Интересно, что все, о чем мы здесь пишем, было реализовано в судебной реформе 1991-1995 годов.
Опыт судебной реформы 1991-1995 гг.
В данной работе нам важно подчеркнуть, что один из наиболее важных аспектов судебной реформы 1991-1995 годов состоял в том, что ее проведение опиралось на принцип формирования в судейском корпусе особой общности-с-реальностью. Именно Закон от 16 июля 1993 года "О внесении изменений и дополнений в Закон РСФСР "О судоустройстве РСФСР", Уголовно-процессуальный кодекс РСФСР, Уголовный кодекс РСФСР и Кодекс РСФСР об административных правонарушениях" (говоря проще - закон "О суде присяжных") создал условия для легальной перестройки деятельности судей областных/краевых судов РФ и судебной системы на основе правового проекта, вынашиваемого реформаторами.
В соответствии с этим законом и по мере вступления его в действие в 9 регионах России, граждане, обвиняемые в целом ряде уголовных преступлений, подсудных краевому/областному суду, получили обеспеченное право на рассмотрение своих уголовных дел судом присяжных. Судьи этих областных/краевых судов добровольно согласившиеся стать участниками правового эксперимента и получившие специальную подготовку13 и образовали из себя новую общность.
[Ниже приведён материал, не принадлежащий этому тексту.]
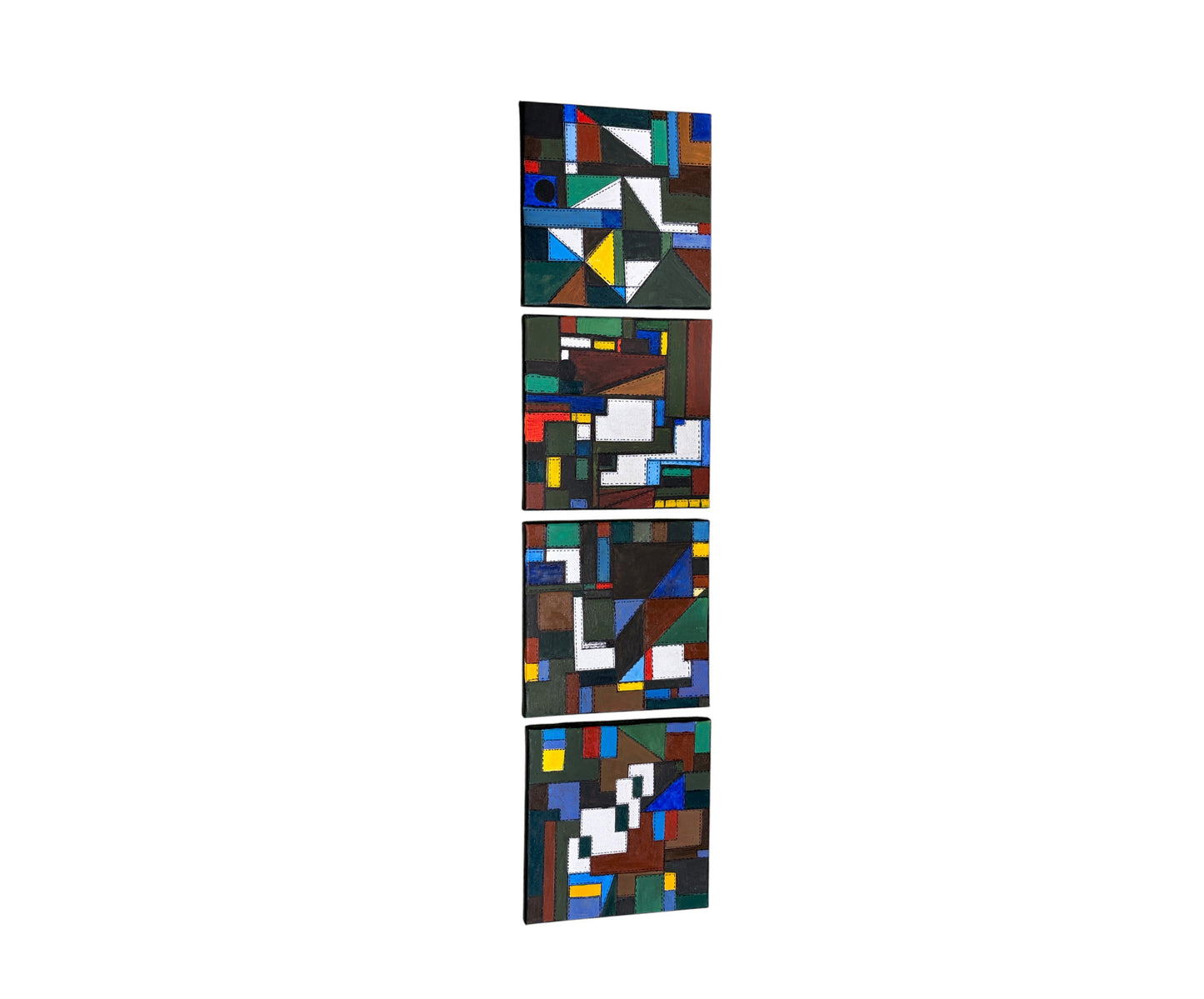 #112 Abstract Mixed Media Acrylic set of four panels Titled Bojagi  By YJR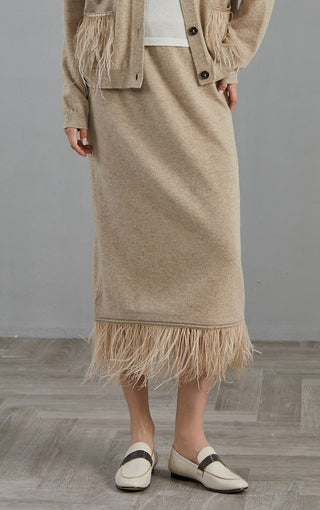 Cashmere Feather Trim Skirt - serathinan 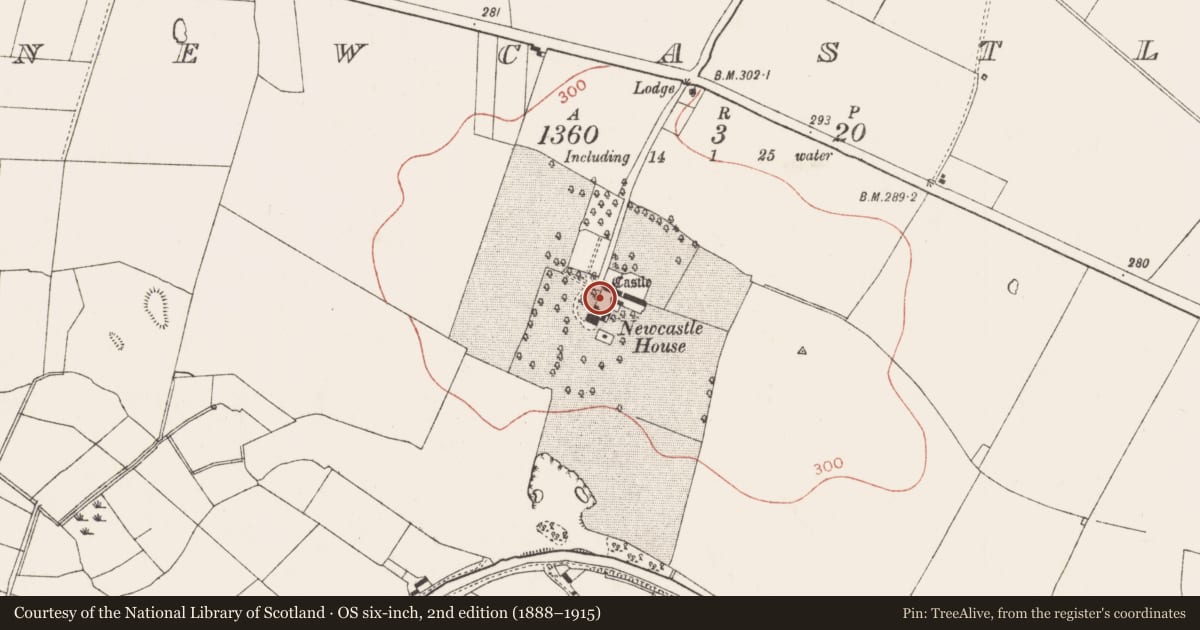 Ordnance Survey six-inch map, 2nd edition (1888–1915) covering the location of Bawn, Newcastle, County Meath, with a pin at the register's coordinates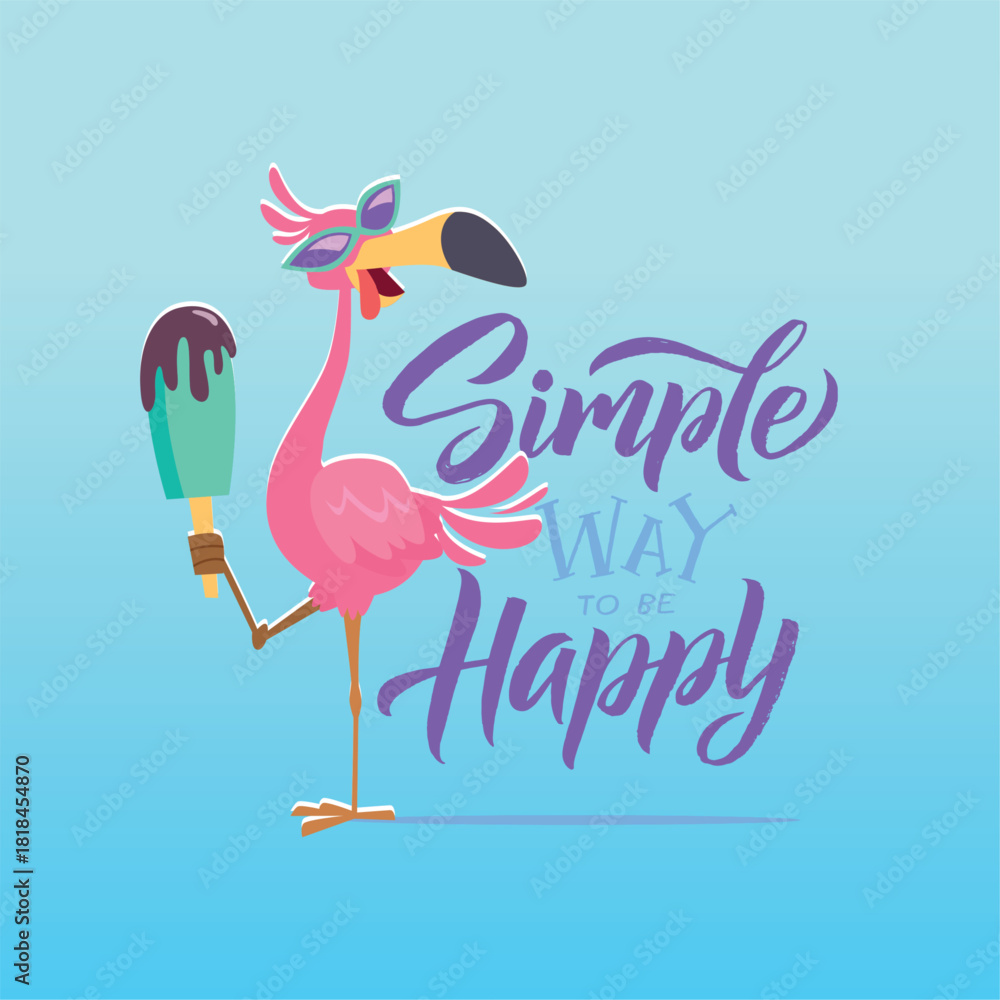 Naklejka premium Flamingo. happy bird with ice cream. simple way to be happy lettering logo
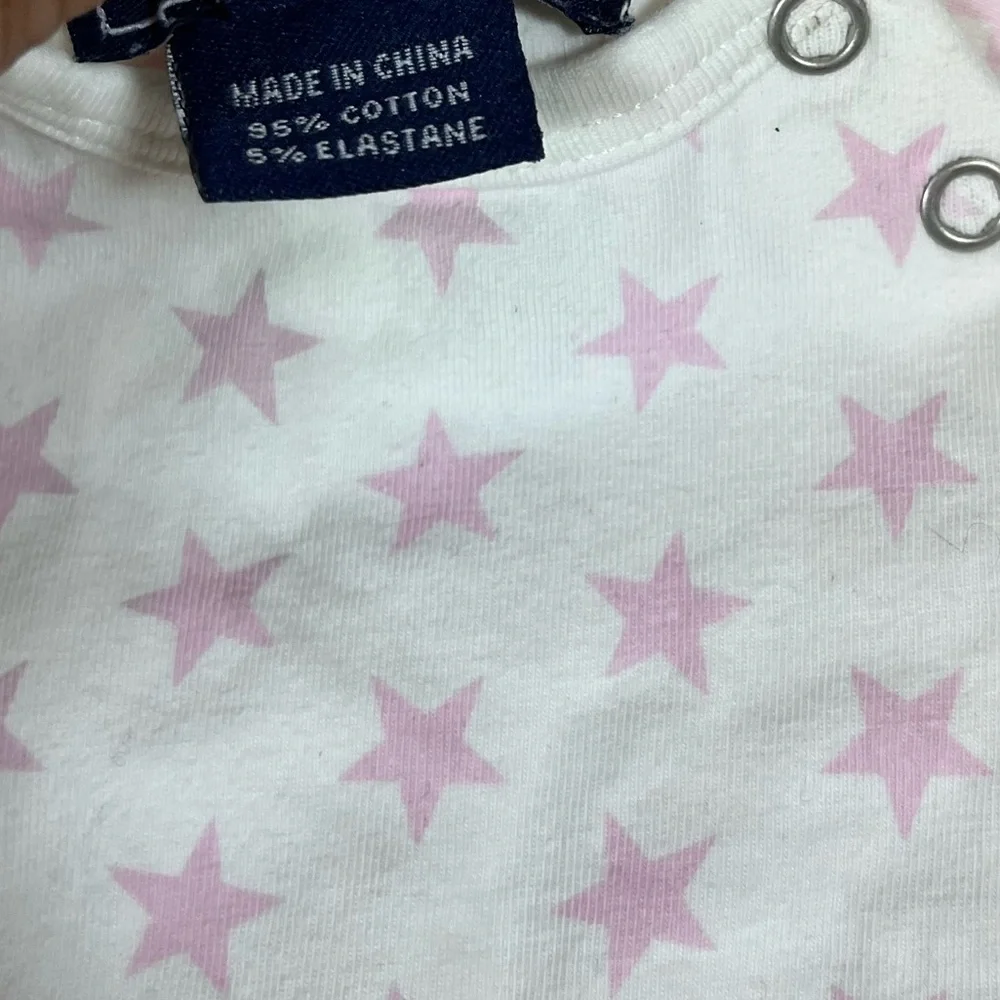 Toobydoo 0/3M Star Print Baby Girl White Pink Play Romper Lounge Comfy Spring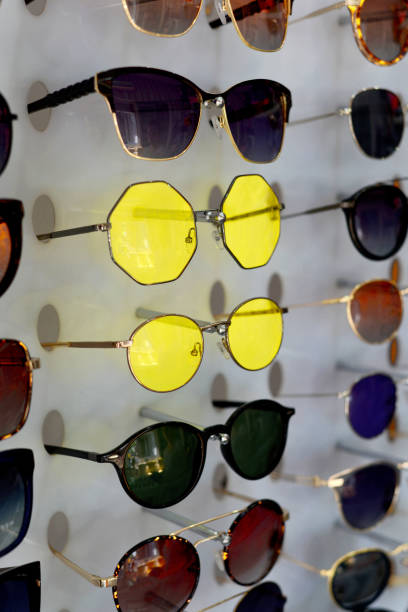 istock Group of sunglasses in shop 801738568
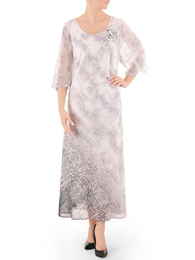 Długa sukienka w eleganckim fasonie z ozdobnym kwiatem 38056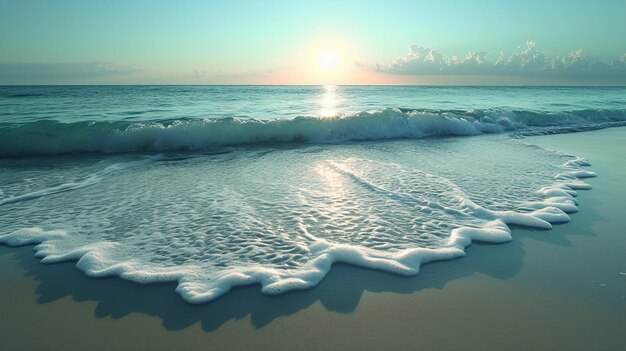 Photo waves washing ashore on a sandy beach ai generate illustration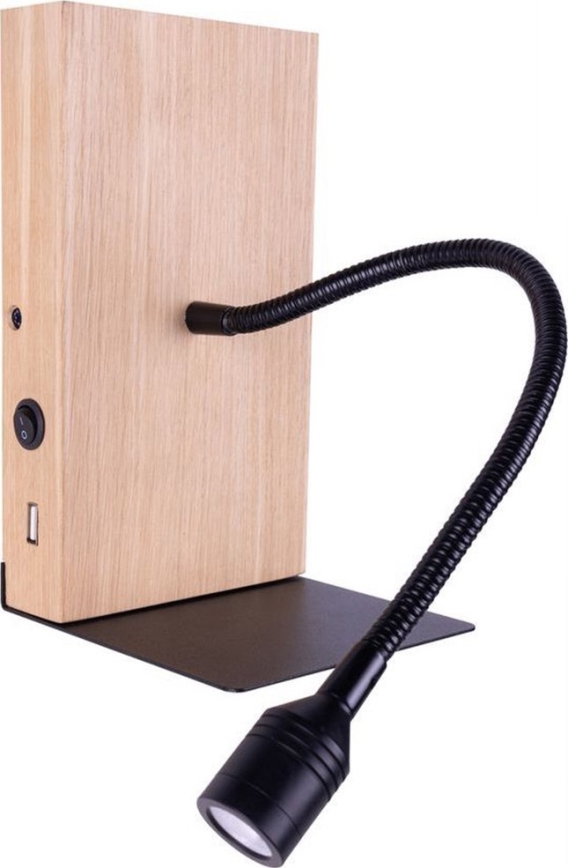 LED Sienas lampa LECTOR LED/2,5W/230V USB ozols
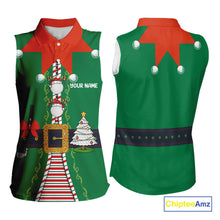 Load image into Gallery viewer, Green and Red Funny Elf Christmas Sleeveless Golf Polo shirt Custom ladies Christmas golf tops NQS11019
Общее число этих судей, вошедших в новую форму судопроизводства по сравнению с судейским корпусом России (около 15500 человек) было не велико, в то время - порядка 100 человек. Реформаторы предполагали, что прежде чем новое понимание правосудия и ценностное отношение судей к надлежащей правовой процедуре начнет доминировать в масштабах уголовного судопроизводства в целом, малая группа судей, прокуроров, адвокатов вовлеченных в суды присяжных, должна отработать применение правовых принципов к организации и изменениям в своей собственной деятельности. Для обеспечения этого изменения и был нужен суд присяжных. И сама по себе это была отнюдь не простая задача. Например, излагая результаты исследований того, как начали работать профессионалы в судах присяжных, С.А. Пашин замечает:
"Если проанализировать деятельность судей и сторон в уголовном судопроизводстве, то следует вывод, что профессиональные юристы, оказавшись в условиях состязательного процесса, воспроизводят, хотя и со значительно меньшей интенсивностью, прежние формы поведения. Именно этим объясняется, что прокурор, привыкший к роли должностного лица, осуществляющего высший надзор за исполнением законов, и лишь осваивающий функцию стороны в процессе, порою столь же интенсивно, как и защитник, привлекает внимание суда к полученным с нарушением закона доказательствам. Защитники охотно соглашаются с возвращением дел для производства дополнительного расследования. Современный судья не довольствуется ролью арбитра, по традиции активно вмешиваясь в формирование доказательственной базы вердикта: 20% исключенных из разбирательства доказательств были устранены по инициативе председательствующего"14. Приведем еще одну цитату:
"Но главное, что они (профессиональные юристы - М.Ф.) приспосабливаются к новым формам работы, а не устраивают им обструкцию".
Что касается судей - целевой группы реформы, то введение суда присяжных сделало одну любопытную вещь. Условия работы в процессе с присяжными поставили их в такое положение, когда председательствующий судья должен был (усвоив в той или иной мере "дух" закона о суде присяжных) оперировать с новым для себя предметом - соблюдением надлежащих правовых условий исследования обстоятельств дела в ходе судебного состязания (см. статьи 435, 429 УПК РСФСР). И именно за это с него и был спрос в вышестоящем Верховном Суде15.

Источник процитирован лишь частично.